Two graphs are stacked on top of each other with numbers from one to six marking the same point on both graphs.  The top graph is labeled X position (ft) on the x-axis, and Y position (ft) on the y-axis. The X position runs from 0 to 2,500 in increments of 500. The Y position runs from -600 to 0 in increments of 200. The graph takes a steady decline from the 0 starting point as the X position reaches 500, with the Y position falling to -150. The data continues to steadily fall until reaching the bottom at an X position of approximately 1,250 and a Y position of almost -600. The data then remains around 500-600 on the Y position from 1,250 to 2,500 on the X position. The bottom graph plots distance on the x-axis against curvature on the y-axis. The distance corresponds with the graph above and the curvature ranges from 0.0000 to 0.0125 in increments of 0.0025. The curvature remains below 0.0050 from 0 to just over 1,000 distance. It then spikes up to 0.0125 before falling back down again from approximately 1,500 until 2,500.
Figure 10. Layout curvature data of the first Maryland roundabout. (The width of the line in the center graph corresponds to the radius of curvature shown in the bottom graph.).
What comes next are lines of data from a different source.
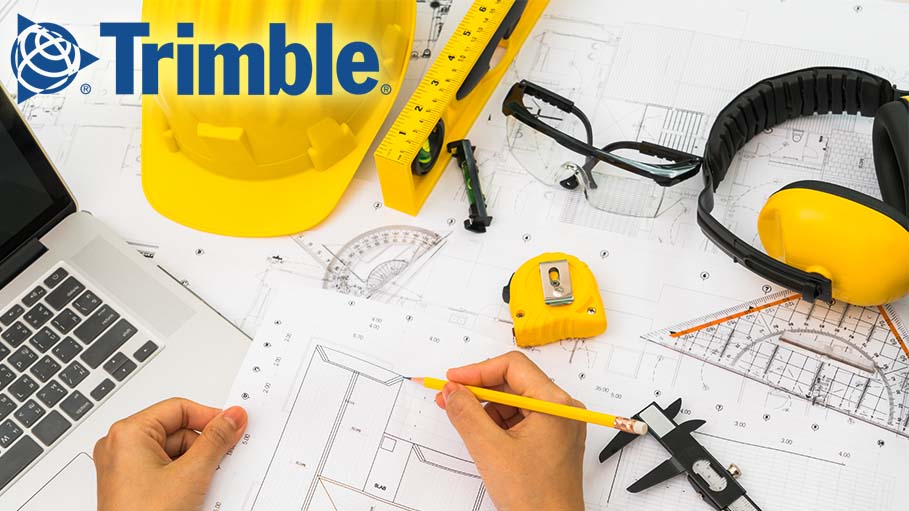 Trimble To Train Engineering & Construction Professionals In India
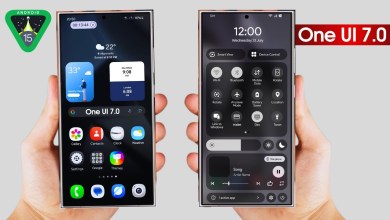 Samsung One UI 7.0 Android 15 – OFFICIAL! Samsung One UI 7.0 Android 15 – OFFICIAL!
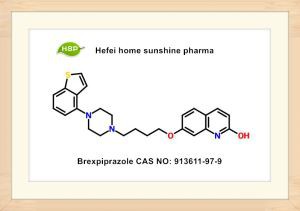 Brexpiprazol CAS 913611-97-9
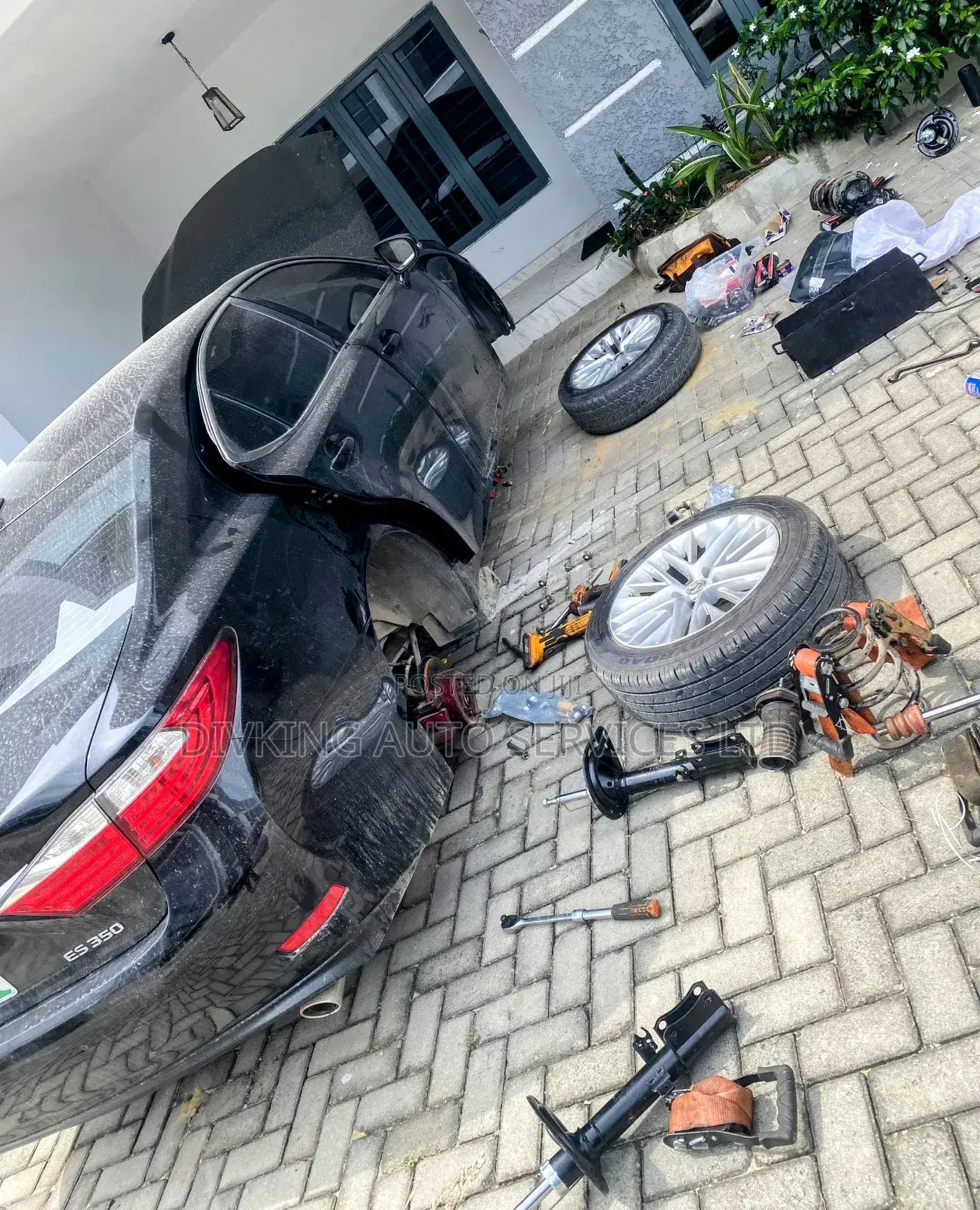 Mercedes Benz,Lexus, Hyundai , Kia, Toyota, BMW Professional Mechanic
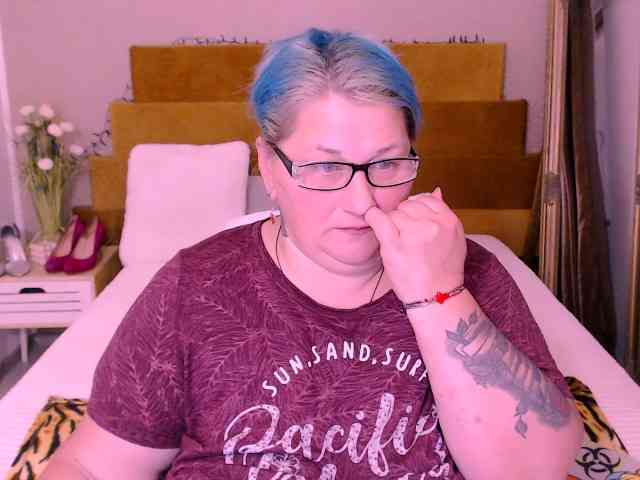 Marryaxx webcam
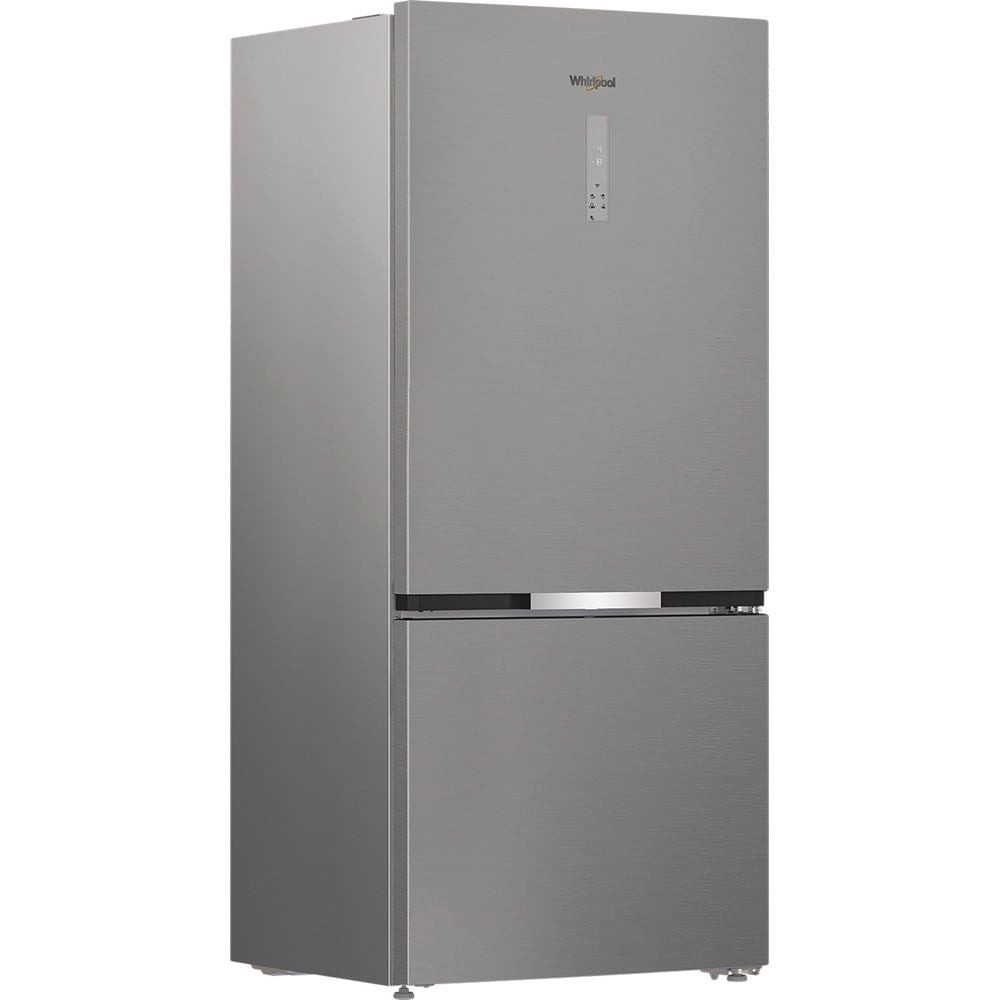 Whirlpool WHK26614X6E 193 cm XXL Zuinige Koel Vries Combi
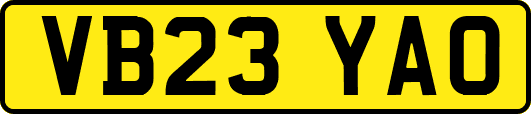 VB23YAO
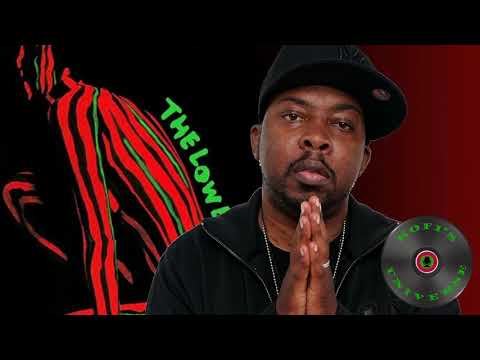 A Tribe Called Quest Announces New Phife Dawg Album To Come Early 2021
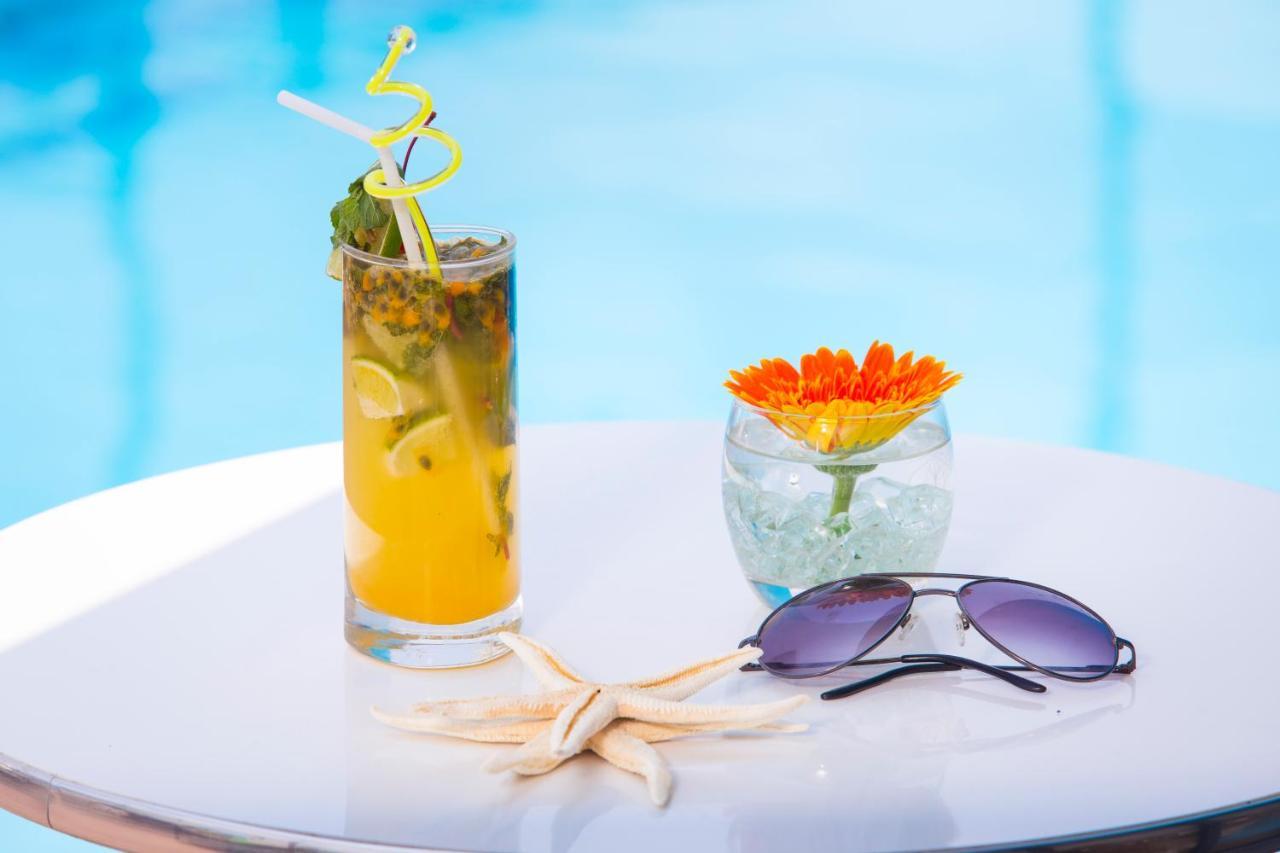 Stella Maris Nha Trang Hotel Eksteriør billede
Model-based transformations aim to directly relate driver behavior observed in the simulator to behavior on the actual roadway. A transformation is made possible by first estimating those model parameters that produce the speed trajectories observed on the road; however, the limited on-road data available for this project make such estimates difficult. The researchers estimated the model parameters for each simulator configuration based on the data collected from the simulators. The resulting parameters reflected how simulator characteristics influence driver behavior. The model can then transform the simulator and estimate roadway data by adjusting the model parameters using a scaling parameter based on the ratio of the roadway parameter to the simulator parameter. This method is subsequently able to describe differences in how drivers negotiate curves through parameters of a dynamic driver model. These parameters can provide a more diagnostic and generalizable description of how driving in the simulator differs from driving on the road. The resulting practical utility of this contribution is that it can be used to transform speed observed in the simulator to speed observed on the road.